ProfHacker started just after The Humanities and Technology unconference (#thatcamp) at George Mason, in a Twitter conversation between George Williams and me.  Longtime academic bloggers might remember that George kickstarted the teaching carnival several years ago, and so his notion of a website devoted to sharing practical strategies for research, teaching, and service, especially in a technological context, seemed like an obvious fit.  That we’ve been able to get other people to join us, not to mention people to read us, so quickly seems like a minor miracle.

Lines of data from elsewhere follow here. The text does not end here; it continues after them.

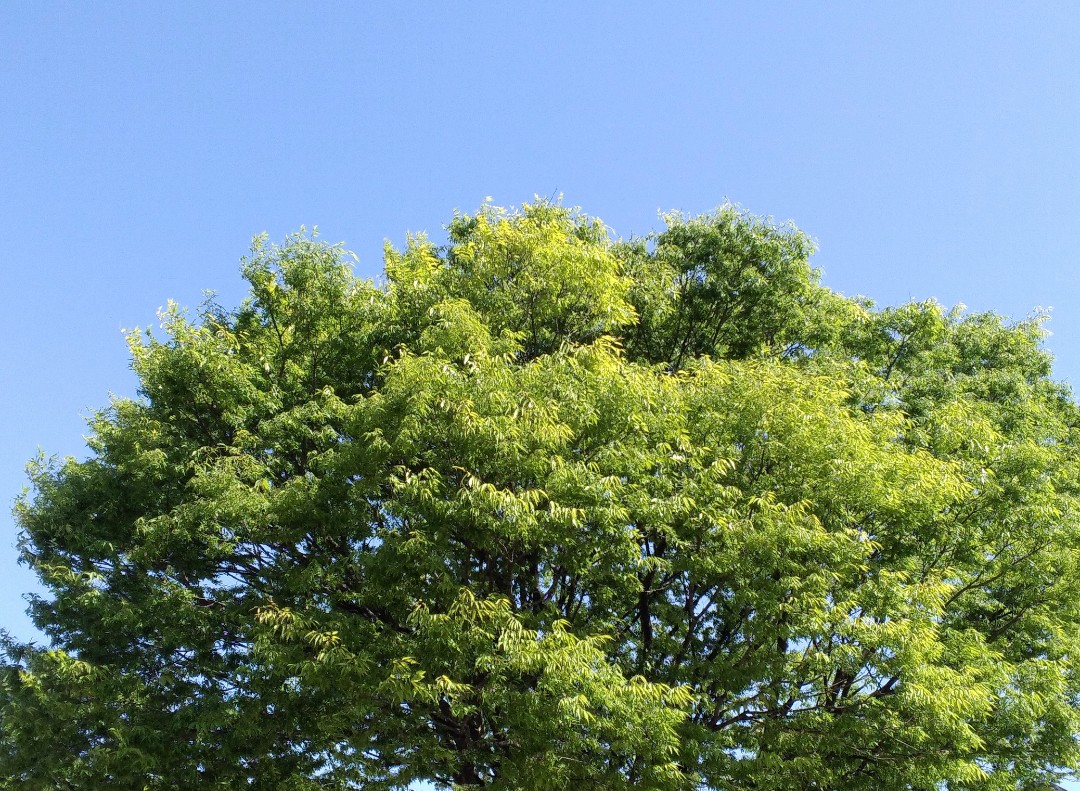 f:id:okinawa-rail:20230416215810j:image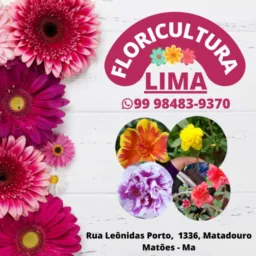 Floricultura lima🌹🌷💐🌱🎋🪴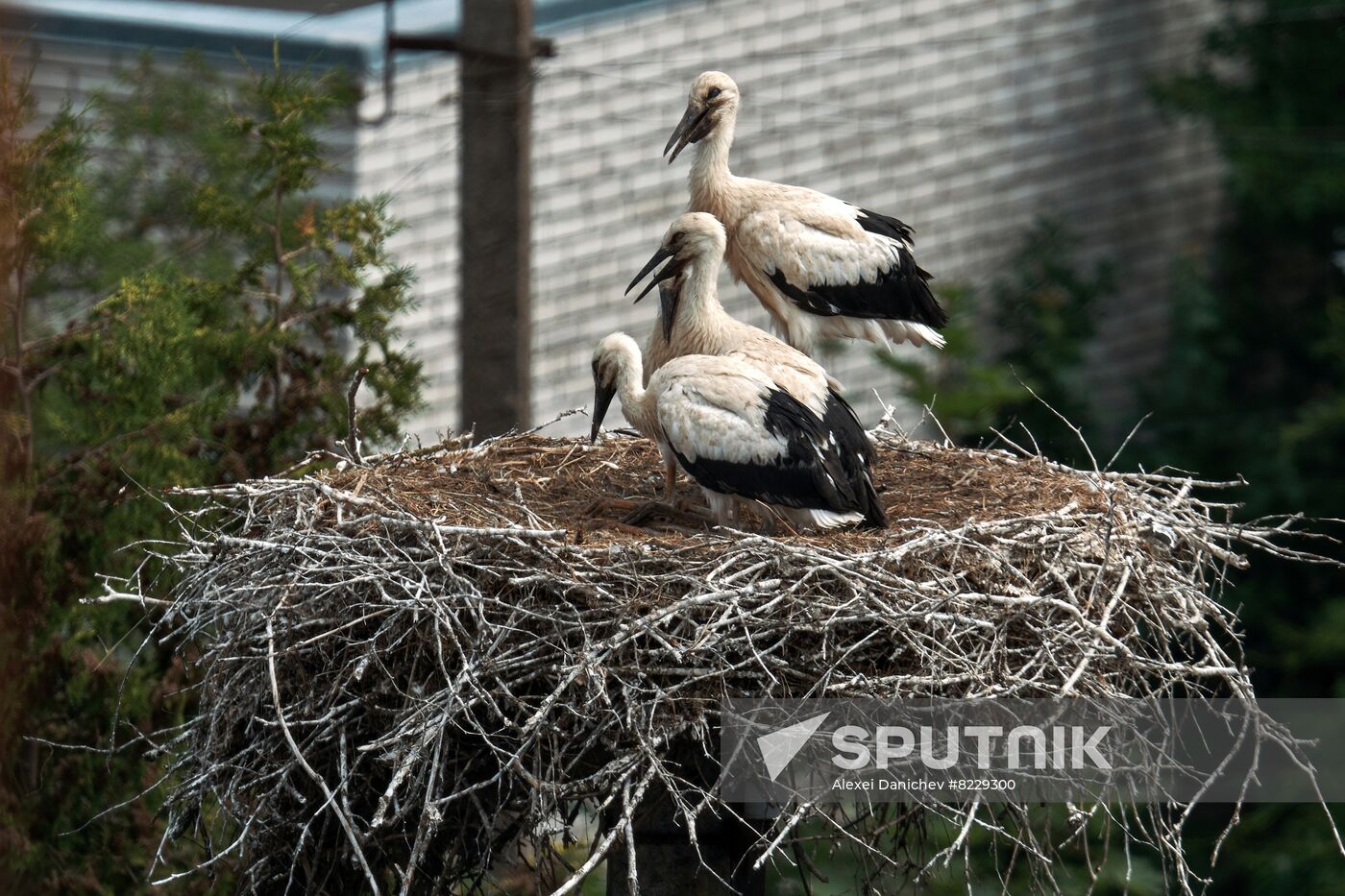 Russia Wild Life
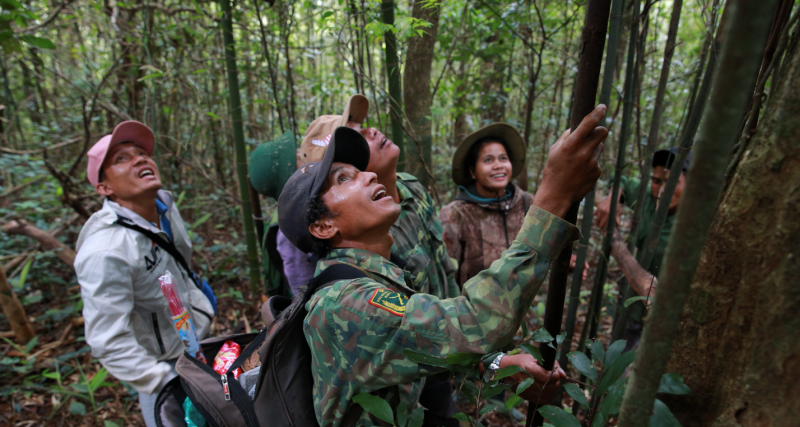 WWF hỗ trợ tỉnh Quảng Trị đẩy mạnh chuỗi cung ứng Mây bền vững WWF hỗ trợ tỉnh Quảng Trị đẩy mạnh chuỗi cung ứng Mây bền vững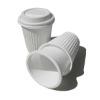 Biodegradable double wall coffee cup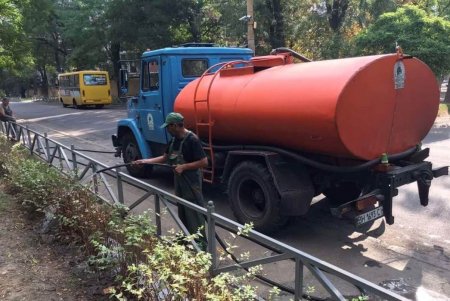 На проспекте Гагарина озеленители подготовили участок под посадку 45 катальп и 1500 кустов золотистой бирючины (фото)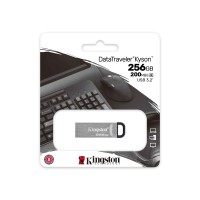 Flash drive KINGSTON DTKN/256GB 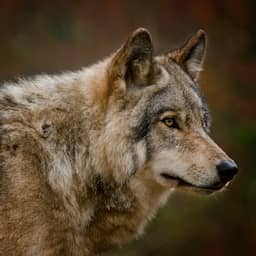 Kind inderdaad gebeten door probleemwolf Utrechtse Heuvelrug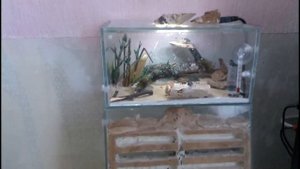 Муравьиная ферма. Формикарий(formicarium) заселён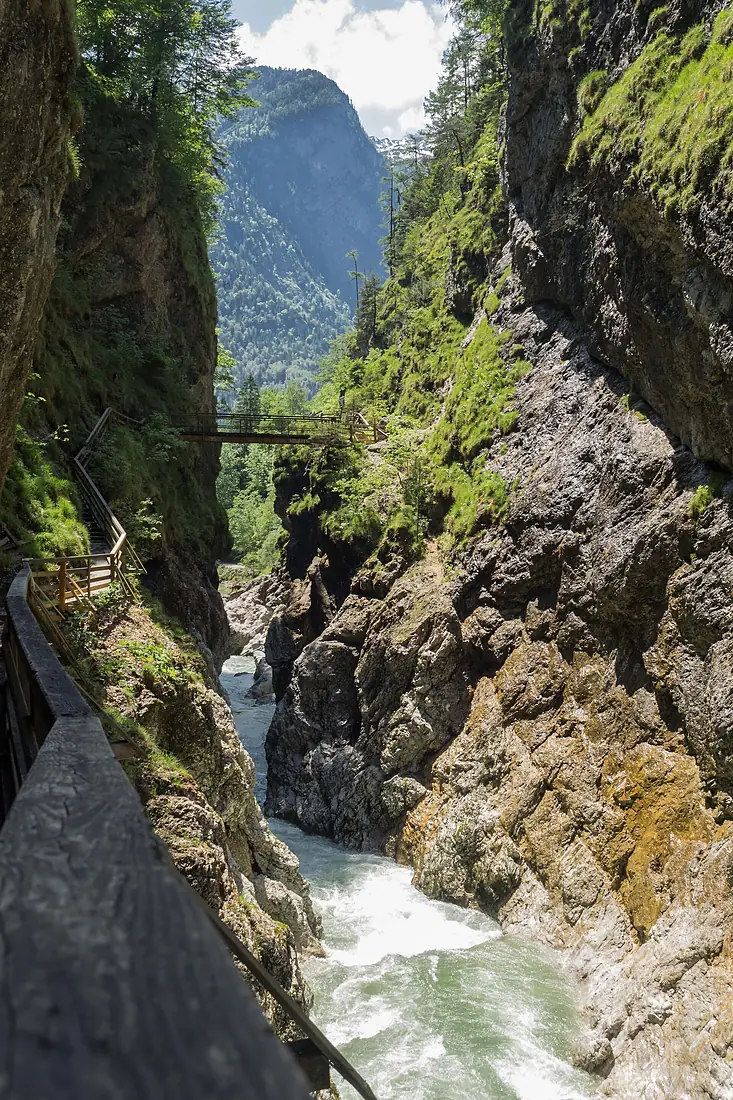 Lammerklamm SW163197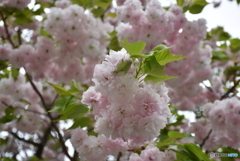 花のまわりみち　６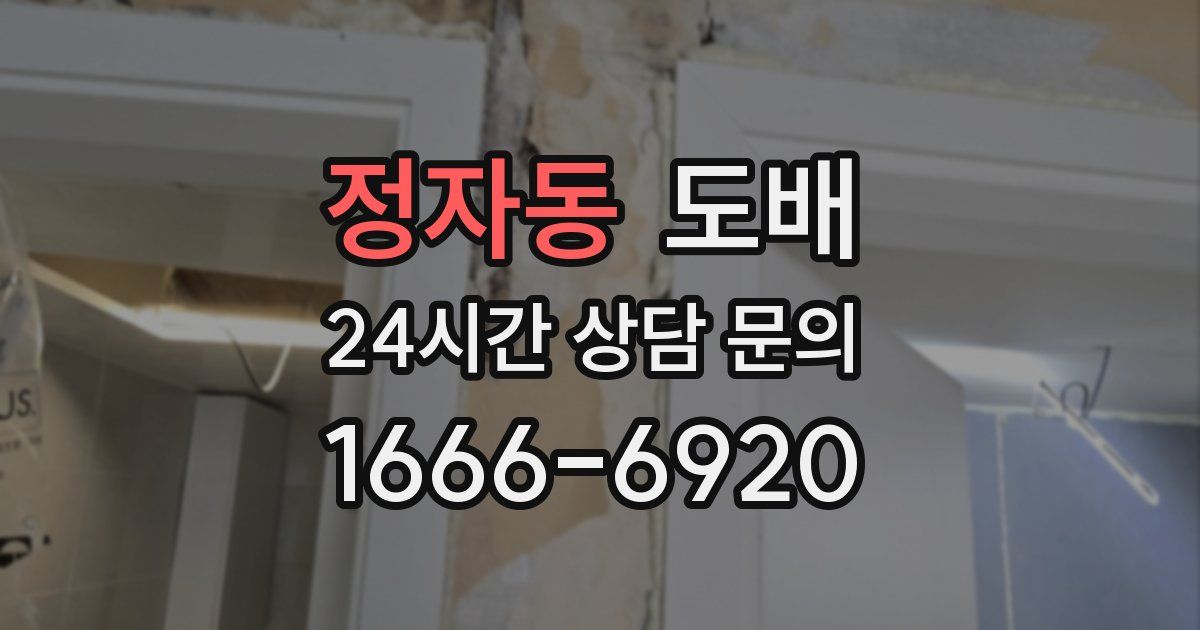 정자동 도배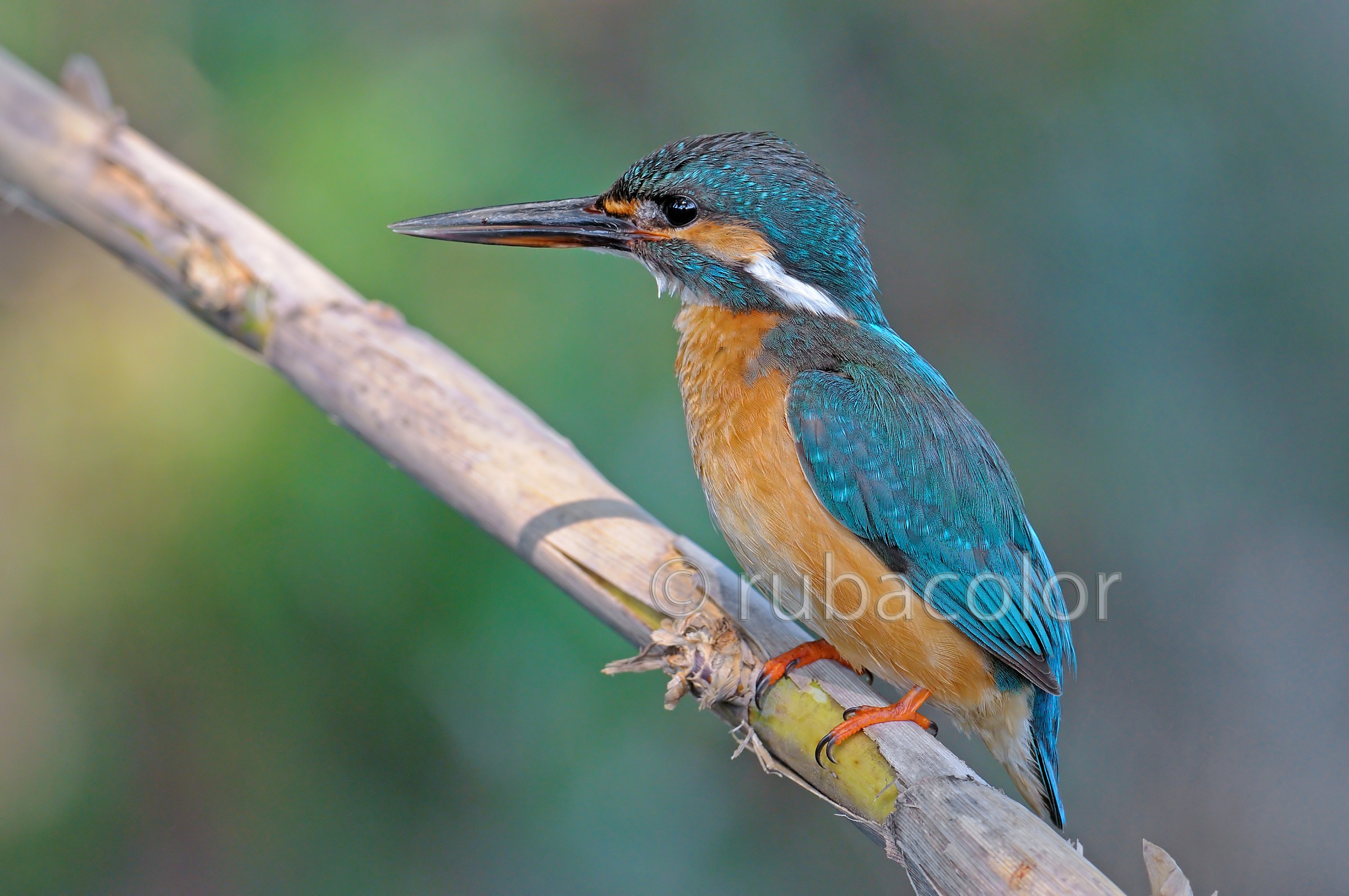 La mia giovane martina preferita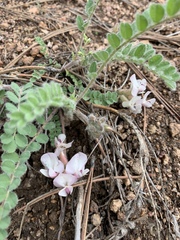 Astragalus parryi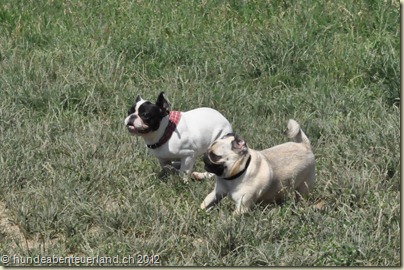 DSC_0127 - Copy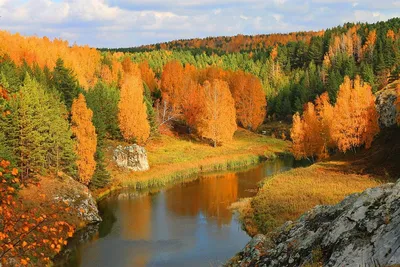 Золотая осень в России - 10 вариантов устроить себе каникулы |  Туристический бизнес Санкт-Петербурга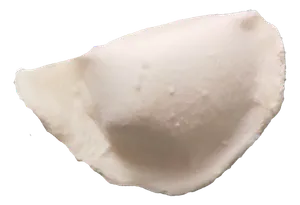 素肉猪肉白菜芹菜香菇水饺蒸饺免抠摄影元素素材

Some Tips for Using ProfHacker

  • ProfHacker is non-disciplinary.  Although each of us teaches and researches in particular disciplines, we’re looking to add faculty from a wide range of fields, such that there will be something for all academics.
  • ProfHacker is rank-independent.  Current contributors range from tenured associate professors to undergraduates, and we’ll draw on that diversity of perspective often.
  • ProfHacker reflects a variety of institutions.  Some contributors are at research-intensive schools, others at teaching-intensive schools, and, again, we aim to capture something useful from that variety.
  • ProfHacker does not offer itself up as an “expert” or “guru” site: Instead, we are all working with, enjoying, or suffering from the very same topics that we write about.  We’re interested in the unspoken or assumed knowledge of the university–all those things that “everyone knows,” but aren’t often stated.
  • ProfHacker is not a site that fetishizes productivity for its own sake.  The point isn’t to do more just to do more, but rather to enable all of us to achieve the kind of work-life balance (or teaching/research balance, or whatever) that one wants. That said, as a group we tend to value experimenting with new approaches to problems over being consumed with stress about them.

ProfHacker in Other Media

ProfHacker also lives on Twitter, Facebook, Flickr, and Zotero.  Pick your social media / cloud computing poison!

Thanks

George and I would like to thank all of our contributors, particularly Brian, Julie, and Ethan, who were the first to sign on and who made it easier to recruit others, and Marissa Blaszko, who designed our nifty logo and header.  We’d also like to thank everyone’s who’s stopped by this month during our trial run.  (Mostly, this is Boone’s fault.  Which reminds me: Happy Birthday, Boone!)  I’d personally like to thank George, who has deployed an intense amount of WordPress-fu to get this site up and running while also getting his own classes ready.

Later today I’ll link to some of our most interesting posts from this trial period.  We’ll resume our regular posting schedule tomorrow.  In addition to new writers, plus fresh installments by current ones, we’ll have a podcast tomorrow afternoon with a surprise guest, and our first contest–with an actual prize–on Friday!

Consider this an open thread–what would you like to see on ProfHacker?